/---
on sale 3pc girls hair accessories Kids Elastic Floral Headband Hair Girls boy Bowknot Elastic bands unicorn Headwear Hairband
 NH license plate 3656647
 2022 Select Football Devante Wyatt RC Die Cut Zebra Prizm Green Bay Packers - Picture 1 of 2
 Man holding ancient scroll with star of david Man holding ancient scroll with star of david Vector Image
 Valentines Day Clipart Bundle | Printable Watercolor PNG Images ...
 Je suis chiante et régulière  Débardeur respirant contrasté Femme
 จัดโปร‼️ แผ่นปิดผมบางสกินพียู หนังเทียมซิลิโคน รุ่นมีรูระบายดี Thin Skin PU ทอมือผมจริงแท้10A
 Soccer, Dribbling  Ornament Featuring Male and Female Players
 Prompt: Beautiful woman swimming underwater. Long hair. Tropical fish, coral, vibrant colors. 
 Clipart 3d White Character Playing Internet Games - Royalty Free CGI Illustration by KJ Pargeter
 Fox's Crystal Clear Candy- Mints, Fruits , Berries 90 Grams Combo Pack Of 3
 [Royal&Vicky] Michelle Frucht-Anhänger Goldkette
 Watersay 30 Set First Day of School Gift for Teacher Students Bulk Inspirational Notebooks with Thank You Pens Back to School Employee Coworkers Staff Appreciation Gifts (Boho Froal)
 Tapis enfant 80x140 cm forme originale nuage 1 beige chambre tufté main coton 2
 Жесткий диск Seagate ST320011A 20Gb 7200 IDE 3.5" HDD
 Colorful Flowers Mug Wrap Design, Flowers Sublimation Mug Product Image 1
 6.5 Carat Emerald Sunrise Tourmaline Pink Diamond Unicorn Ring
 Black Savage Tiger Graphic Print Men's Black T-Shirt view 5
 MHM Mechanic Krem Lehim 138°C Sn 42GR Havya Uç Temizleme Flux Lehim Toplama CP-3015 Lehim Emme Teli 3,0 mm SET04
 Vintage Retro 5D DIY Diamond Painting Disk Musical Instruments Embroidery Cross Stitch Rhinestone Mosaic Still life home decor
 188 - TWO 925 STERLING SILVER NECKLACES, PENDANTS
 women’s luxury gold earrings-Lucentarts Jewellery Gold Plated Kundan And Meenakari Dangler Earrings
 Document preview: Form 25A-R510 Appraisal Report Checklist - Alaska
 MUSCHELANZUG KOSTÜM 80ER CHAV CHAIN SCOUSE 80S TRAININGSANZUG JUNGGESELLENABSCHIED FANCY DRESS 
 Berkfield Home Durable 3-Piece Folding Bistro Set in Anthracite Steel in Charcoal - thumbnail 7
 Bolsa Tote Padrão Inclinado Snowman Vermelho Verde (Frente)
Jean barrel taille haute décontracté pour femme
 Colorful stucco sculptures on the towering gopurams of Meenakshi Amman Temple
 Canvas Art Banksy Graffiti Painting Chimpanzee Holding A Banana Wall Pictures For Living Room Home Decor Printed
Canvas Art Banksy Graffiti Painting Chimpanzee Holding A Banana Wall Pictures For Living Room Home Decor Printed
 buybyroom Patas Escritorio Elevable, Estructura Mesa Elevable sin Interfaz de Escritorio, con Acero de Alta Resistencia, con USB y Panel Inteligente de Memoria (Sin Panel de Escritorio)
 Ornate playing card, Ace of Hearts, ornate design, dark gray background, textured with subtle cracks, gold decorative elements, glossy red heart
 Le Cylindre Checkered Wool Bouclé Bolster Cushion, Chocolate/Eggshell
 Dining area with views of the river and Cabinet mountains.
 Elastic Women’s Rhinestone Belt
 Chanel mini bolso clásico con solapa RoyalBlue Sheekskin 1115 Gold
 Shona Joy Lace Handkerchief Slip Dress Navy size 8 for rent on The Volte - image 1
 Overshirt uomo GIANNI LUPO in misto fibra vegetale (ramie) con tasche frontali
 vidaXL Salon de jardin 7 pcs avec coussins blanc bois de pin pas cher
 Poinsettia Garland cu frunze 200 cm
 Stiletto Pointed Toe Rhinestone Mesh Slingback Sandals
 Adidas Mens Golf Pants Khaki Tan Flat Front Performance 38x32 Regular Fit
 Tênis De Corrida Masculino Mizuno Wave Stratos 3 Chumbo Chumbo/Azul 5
\---
Directions
Which of the lines in the material carry the string "Colorful"? Pull them out.

Answer to this exercise
 Colorful Flowers Mug Wrap Design, Flowers Sublimation Mug Product Image 1
 Colorful stucco sculptures on the towering gopurams of Meenakshi Amman Temple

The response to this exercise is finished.